→ **What is needed**
In the data below, begin at the line with "台八女神中秋放福利 狂曬濕身美照請吃:「辣味月餅」" and stop after the line with "Berlin-Oase - Schnuckelige"; output those lines exactly and no pictures.
------ Data to process ------
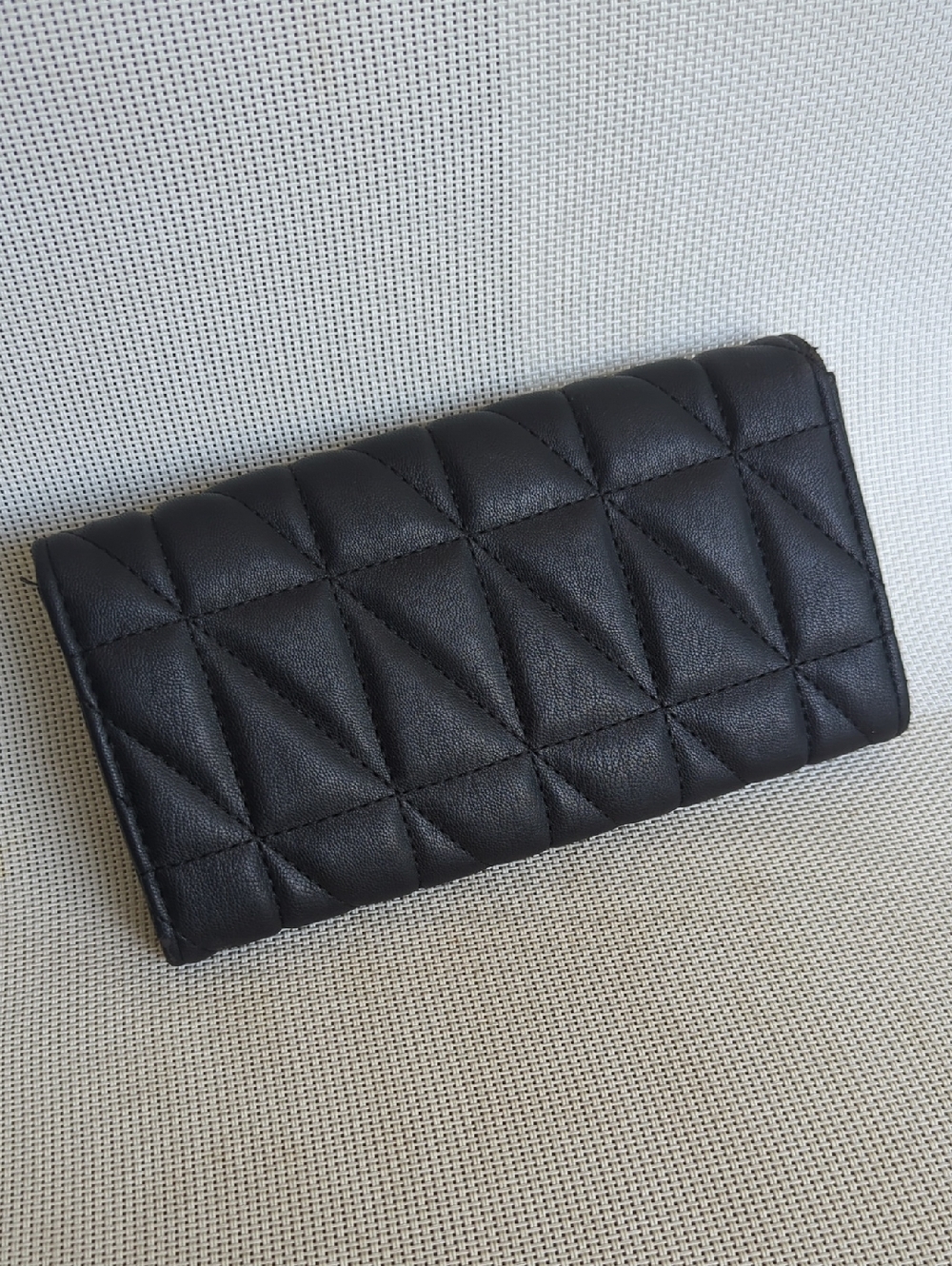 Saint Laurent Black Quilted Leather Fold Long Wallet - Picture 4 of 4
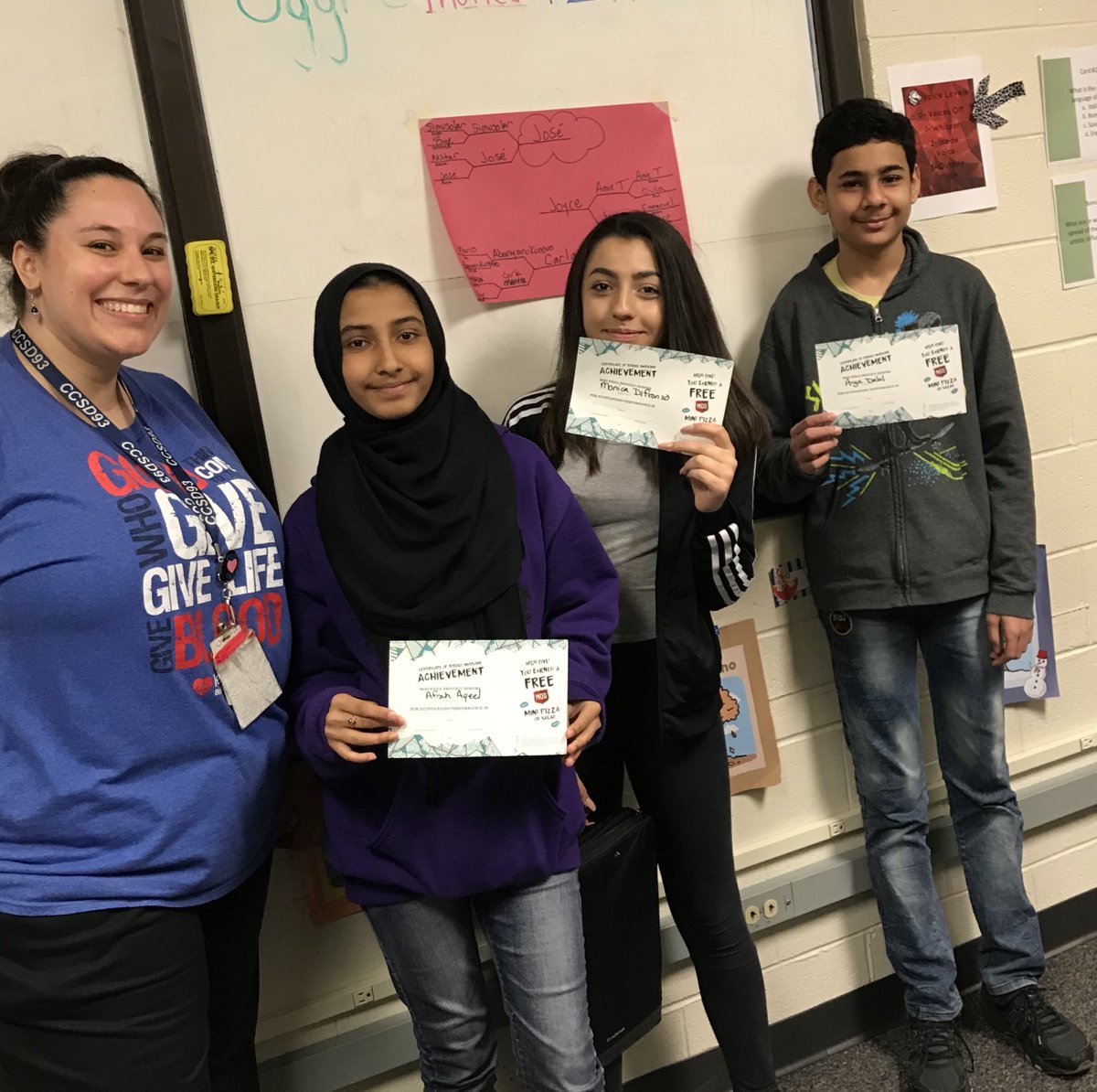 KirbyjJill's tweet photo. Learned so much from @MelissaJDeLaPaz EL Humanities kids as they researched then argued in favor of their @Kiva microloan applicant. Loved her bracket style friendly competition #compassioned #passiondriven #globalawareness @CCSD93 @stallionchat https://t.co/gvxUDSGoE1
------
------ Data to process ------
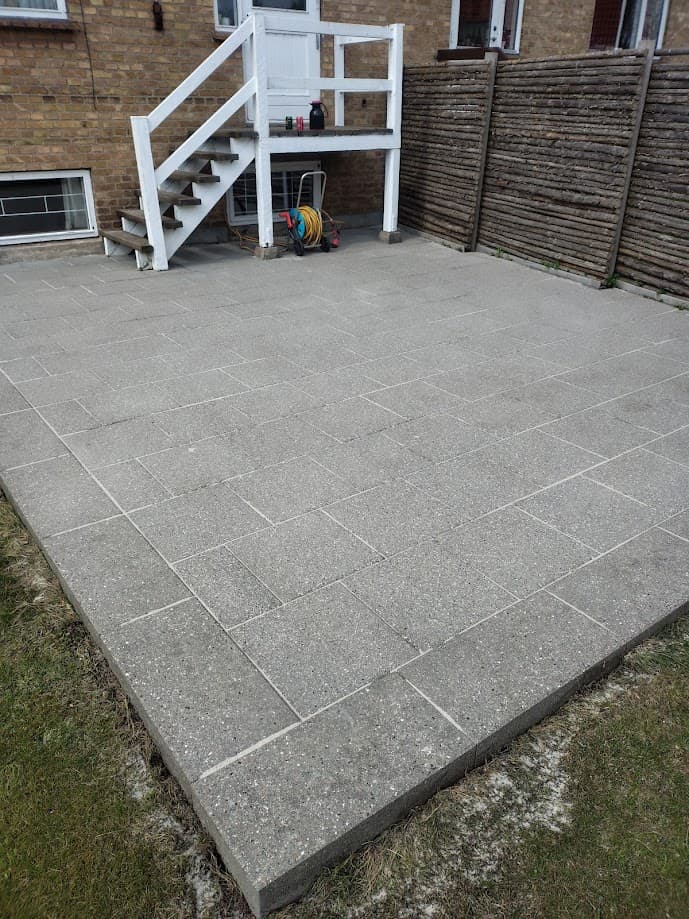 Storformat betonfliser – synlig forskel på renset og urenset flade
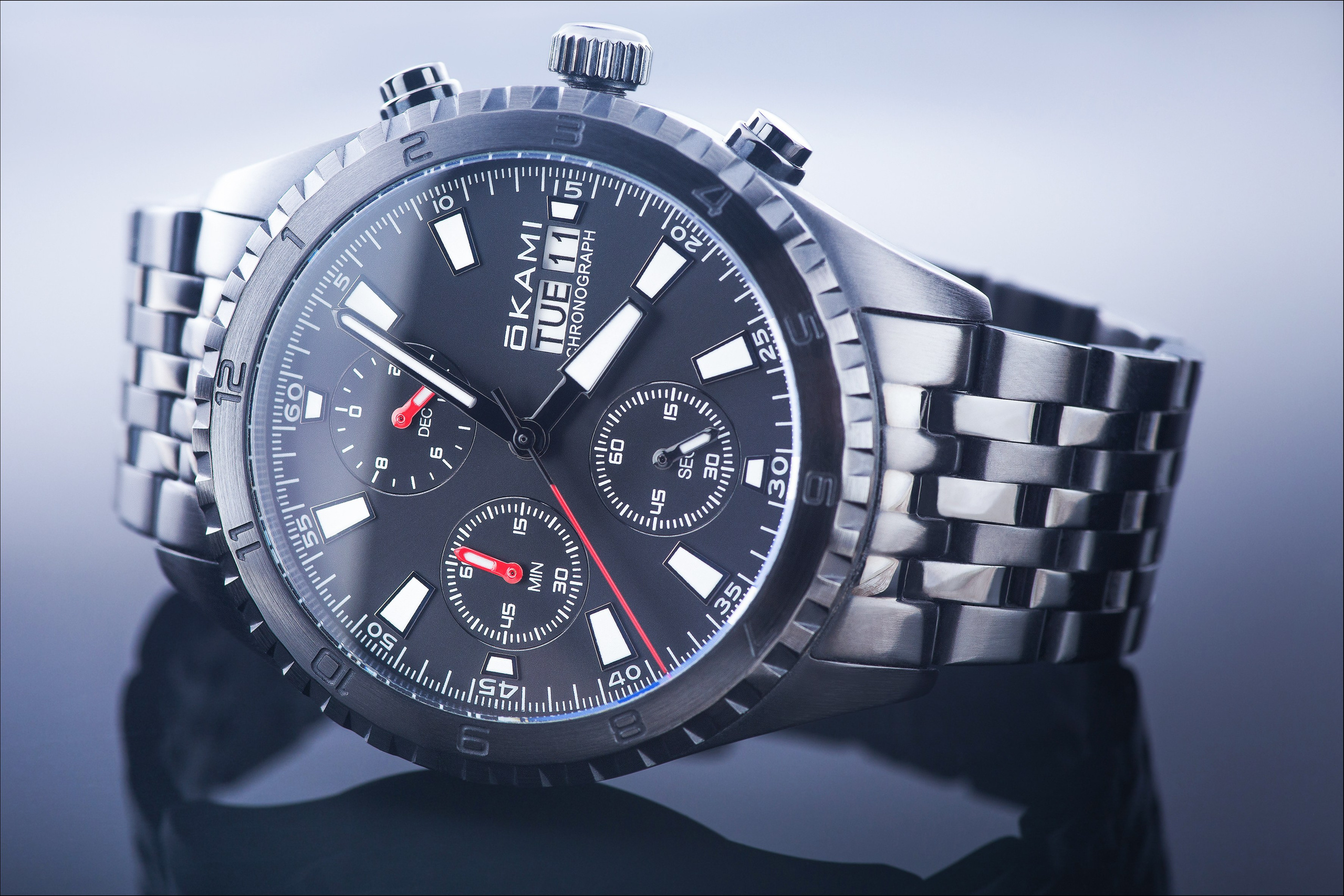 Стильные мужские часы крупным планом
------
------ Data to process ------
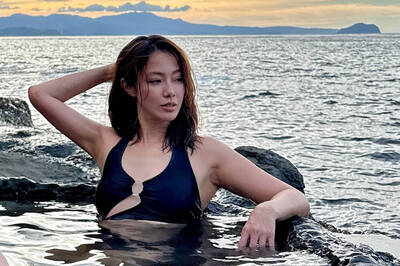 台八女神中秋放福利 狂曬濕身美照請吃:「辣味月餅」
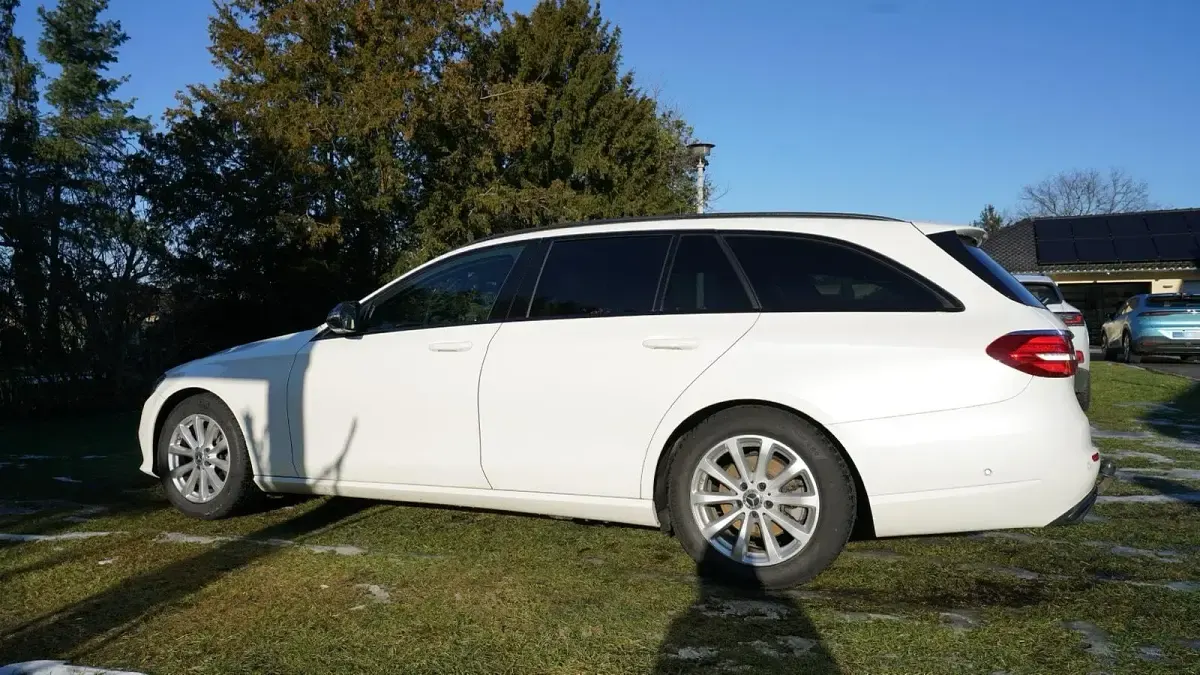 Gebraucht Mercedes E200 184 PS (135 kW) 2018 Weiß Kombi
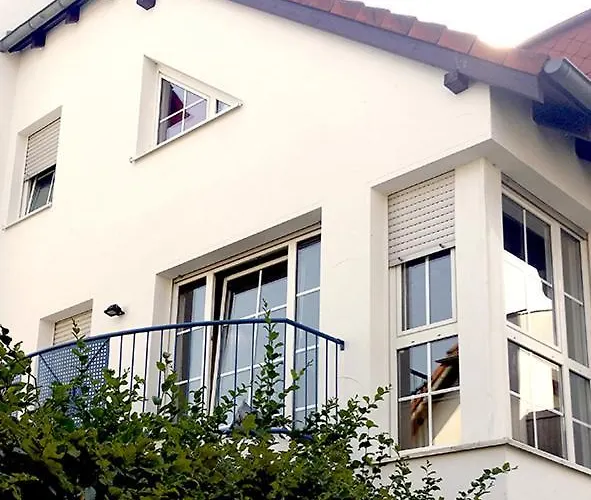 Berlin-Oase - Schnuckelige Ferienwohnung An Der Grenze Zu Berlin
------
→ **Exercise output**
 台八女神中秋放福利 狂曬濕身美照請吃:「辣味月餅」
 Gebraucht Mercedes E200 184 PS (135 kW) 2018 Weiß Kombi
 Berlin-Oase - Schnuckelige Ferienwohnung An Der Grenze Zu Berlin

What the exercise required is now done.